Class: puma.scenarios.triage_jira.TriageJiraScenario Task type: Multi-class classification Scenario ID: triage_jira

Task definition

Given a Jira issue with a title and description, assign one of four priority labels:

Label Meaning
Critical Blocks work; requires immediate attention
Major Significant impact; should be resolved soon
Minor Low impact; addressed in normal flow
Trivial Cosmetic or negligible; lowest priority

Dataset

Property Value
File data/jira_balanced_200.csv
Rows 200 (50 per class, balanced)
Columns used issue_key, title, description, priority
Gold column priority

Parse logic

_ANSWER_RE = re.compile(
    r"\b(Critical|Major|Minor|Trivial)\b", re.IGNORECASE
)
# First match in the response is used; case-normalised to title case.
# Returns None if no match found.

Metrics

Metric Notes
f1_macro Primary metric; equal weight per class
f1_weighted Weighted by class support
accuracy Overall correct fraction
per_class.<label>.precision Per-label
per_class.<label>.recall Per-label
per_class.<label>.f1 Per-label
parse_failure_rate Fraction where parse_response returned None

Example run-spec

id: triage_zeroshot
scenario: triage_jira
sample_size: 50
models: [qwen2.5:3b]
adaptation:
  strategy: [zero-shot]
inference:
  temperature: 0.0
  seed: 42
metrics: [f1_macro]

estimation_tawos

Class: puma.scenarios.estimation_tawos.EstimationTawosScenario Task type: Regression (ordinal Fibonacci) Scenario ID: estimation_tawos

Task definition

Given a user story title and description, predict the story points as a Fibonacci number.

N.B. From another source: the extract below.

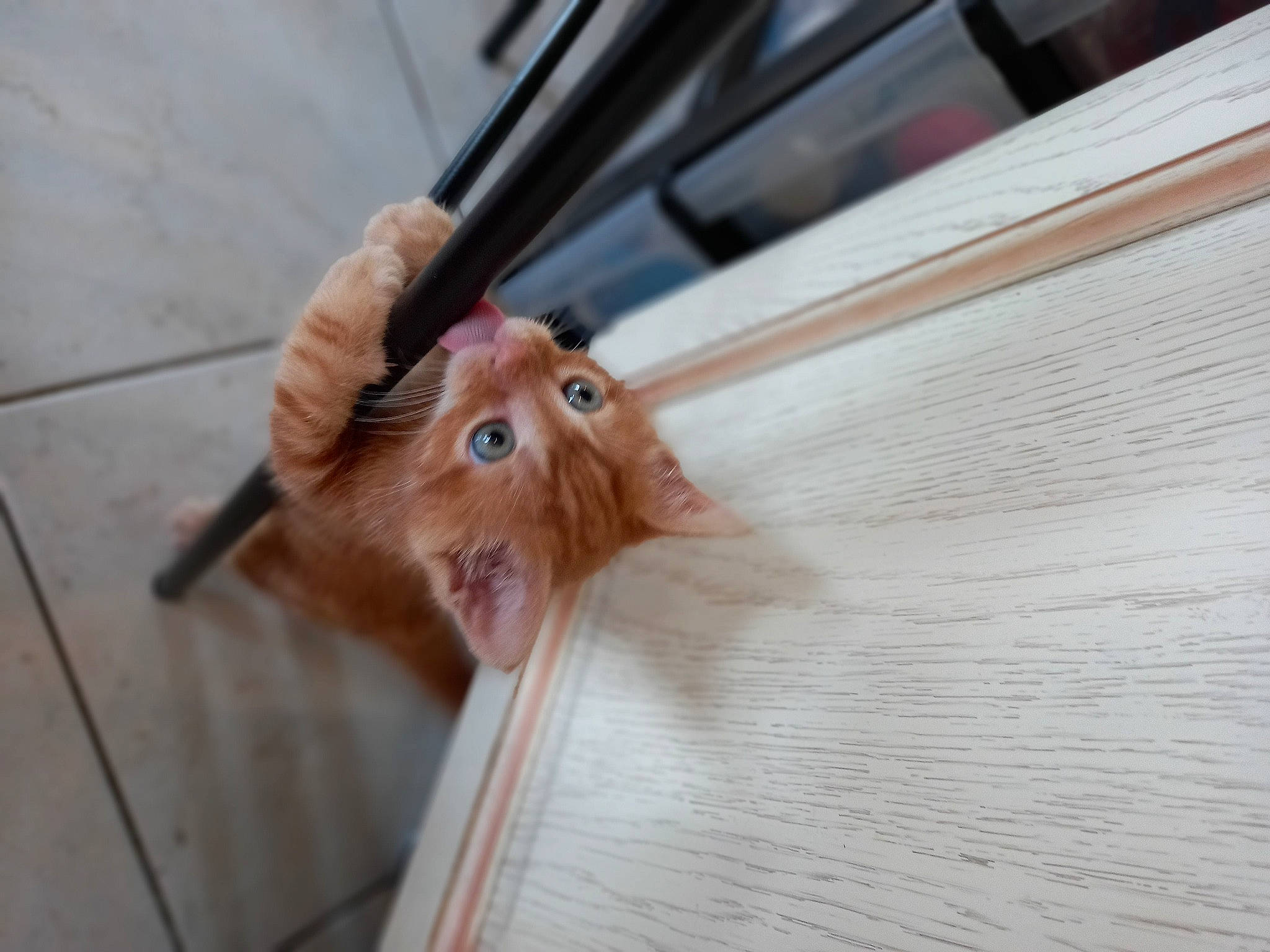 Safran a rejoint le concours — aidez-le/la à gagner de superbes lots ! canidae, carnivore, cat, claw, companion_dog, dog_breed, door, fawn, felidae, flooring, fur, hardwood, liver, small_to_medium_sized_cats, snout, sporting_group, tail, whiskers, window, wood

Valid values: {1, 2, 3, 5, 8, 13, 21, 34, 55, 89}

Dataset

Property Value
File data/tawos_clean.csv
Rows 9 020 agile backlog items
Source TAWOS (open-source agile dataset, SOLAR group)
Columns used item_id, title, description, story_points
Gold column story_points

Parse logic

# 1. Strip punctuation from response
# 2. Extract first numeric substring
# 3. If numeric value is in FIBONACCI_SERIES → return it
# 4. If |closest_fibonacci - value| ≤ 1 → snap and return
# 5. Otherwise return raw float value
# 6. Return None if no number found

Fibonacci series: {1, 2, 3, 5, 8, 13, 21, 34, 55, 89}

Metrics

Metric Notes
mae Mean Absolute Error — primary metric
mdae Median Absolute Error — robust to outliers
rmse Root Mean Squared Error
mae_by_bin MAE broken down by SP range (1–3, 5–8, 13–21, 34+)
parse_failure_rate Fraction where response contained no parseable number

Story-point bins

Bin ID Range Interpretation
1-3 1 to 3 Small stories
5-8 5 to 8 Medium stories
13-21 13 to 21 Large stories
34+ 34 and above Extra-large / epics

Example run-spec

id: estimation_zeroshot
scenario: estimation_tawos
sample_size: 50
models: [qwen2.5:3b]
adaptation:
  strategy: [zero-shot, few-shot-3]
inference:
  temperature: 0.0
  seed: 42
metrics: [mae]

prioritization_jira

Class: puma.scenarios.prioritization_jira.PrioritizationJiraScenario Task type: Binary classification (pairwise ranking) Scenario ID: prioritization_jira

Task definition

Given two Jira issues A and B, determine which has higher priority. The model must output A or B.

Pair construction

Pairs are sampled from the Jira dataset. The gold label is determined by the priority order:

Critical > Major > Minor > Trivial

If both issues share the same priority, the pair is skipped to ensure unambiguous gold labels.

Dataset

Property Value
Base file data/jira_balanced_200.csv
Sampling Random pairs (seed-controlled)
Columns used issue_key, title, description, priority
Gold column higher_priority (A or B)

Parse logic

_ANSWER_RE = re.compile(r"\b([AB])\b", re.IGNORECASE)
# First match (A or B) in the response is used; uppercased.
# Returns None if no match found.

Metrics

Metric Notes
accuracy Primary metric — fraction of correct A/B predictions
parse_failure_rate Fraction where response contained neither A nor B

Example run-spec

id: prioritization_zeroshot
scenario: prioritization_jira
sample_size: 40
models: [qwen2.5:3b]
adaptation:
  strategy: [zero-shot]
inference:
  temperature: 0.0
  seed: 42
metrics: [accuracy]

Common Scenario Interface

All scenarios implement puma.scenarios.base.Scenario:

class Scenario(ABC):
    name: str           # scenario ID used in run-specs
    task_type: str      # "classification" | "regression"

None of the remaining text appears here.